(Stored items)
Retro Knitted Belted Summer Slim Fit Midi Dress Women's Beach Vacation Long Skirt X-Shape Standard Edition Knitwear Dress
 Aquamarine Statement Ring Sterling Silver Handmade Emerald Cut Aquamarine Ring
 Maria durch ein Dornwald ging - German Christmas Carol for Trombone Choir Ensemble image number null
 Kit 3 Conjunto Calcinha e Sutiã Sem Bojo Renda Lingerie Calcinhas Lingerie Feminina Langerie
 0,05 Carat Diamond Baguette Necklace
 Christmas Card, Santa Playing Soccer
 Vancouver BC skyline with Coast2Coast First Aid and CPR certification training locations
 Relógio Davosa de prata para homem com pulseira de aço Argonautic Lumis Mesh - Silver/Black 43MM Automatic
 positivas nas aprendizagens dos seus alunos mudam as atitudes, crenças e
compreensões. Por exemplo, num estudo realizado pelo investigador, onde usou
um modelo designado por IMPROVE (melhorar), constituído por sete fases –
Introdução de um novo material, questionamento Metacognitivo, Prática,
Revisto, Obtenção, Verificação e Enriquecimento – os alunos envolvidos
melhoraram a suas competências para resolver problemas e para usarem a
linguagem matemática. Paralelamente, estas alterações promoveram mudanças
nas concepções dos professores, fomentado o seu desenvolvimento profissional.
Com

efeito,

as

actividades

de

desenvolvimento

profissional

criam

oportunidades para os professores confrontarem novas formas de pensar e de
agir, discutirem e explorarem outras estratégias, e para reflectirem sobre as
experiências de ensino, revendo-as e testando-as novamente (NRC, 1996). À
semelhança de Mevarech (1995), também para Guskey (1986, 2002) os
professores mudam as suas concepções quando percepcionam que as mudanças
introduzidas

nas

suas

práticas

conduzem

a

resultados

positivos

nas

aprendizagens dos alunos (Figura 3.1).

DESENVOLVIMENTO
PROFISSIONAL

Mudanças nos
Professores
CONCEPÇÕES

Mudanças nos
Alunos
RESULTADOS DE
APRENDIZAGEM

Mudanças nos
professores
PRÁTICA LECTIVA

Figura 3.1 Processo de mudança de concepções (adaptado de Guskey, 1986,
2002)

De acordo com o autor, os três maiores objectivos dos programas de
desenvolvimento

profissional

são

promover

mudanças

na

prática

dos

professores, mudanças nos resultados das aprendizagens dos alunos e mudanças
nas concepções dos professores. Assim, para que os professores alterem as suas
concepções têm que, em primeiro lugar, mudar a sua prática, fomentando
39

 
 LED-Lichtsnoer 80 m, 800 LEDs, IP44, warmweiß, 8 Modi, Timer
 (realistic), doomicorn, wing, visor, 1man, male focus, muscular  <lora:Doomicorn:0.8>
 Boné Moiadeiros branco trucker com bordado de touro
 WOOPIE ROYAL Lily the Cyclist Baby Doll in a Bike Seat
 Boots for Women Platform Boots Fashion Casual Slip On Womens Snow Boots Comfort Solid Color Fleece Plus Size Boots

§ **WHAT YOU SHOULD DO**
Nothing but the lines from the start of the data through the line holding "linguagem matemática. Paralelamente, estas" should be restated, and each one exactly.

§ **OUTPUT OF THE EXERCISE**
Retro Knitted Belted Summer Slim Fit Midi Dress Women's Beach Vacation Long Skirt X-Shape Standard Edition Knitwear Dress
 Aquamarine Statement Ring Sterling Silver Handmade Emerald Cut Aquamarine Ring
 Maria durch ein Dornwald ging - German Christmas Carol for Trombone Choir Ensemble image number null
 Kit 3 Conjunto Calcinha e Sutiã Sem Bojo Renda Lingerie Calcinhas Lingerie Feminina Langerie
 0,05 Carat Diamond Baguette Necklace
 Christmas Card, Santa Playing Soccer
 Vancouver BC skyline with Coast2Coast First Aid and CPR certification training locations
 Relógio Davosa de prata para homem com pulseira de aço Argonautic Lumis Mesh - Silver/Black 43MM Automatic
 positivas nas aprendizagens dos seus alunos mudam as atitudes, crenças e
compreensões. Por exemplo, num estudo realizado pelo investigador, onde usou
um modelo designado por IMPROVE (melhorar), constituído por sete fases –
Introdução de um novo material, questionamento Metacognitivo, Prática,
Revisto, Obtenção, Verificação e Enriquecimento – os alunos envolvidos
melhoraram a suas competências para resolver problemas e para usarem a
linguagem matemática. Paralelamente, estas alterações promoveram mudanças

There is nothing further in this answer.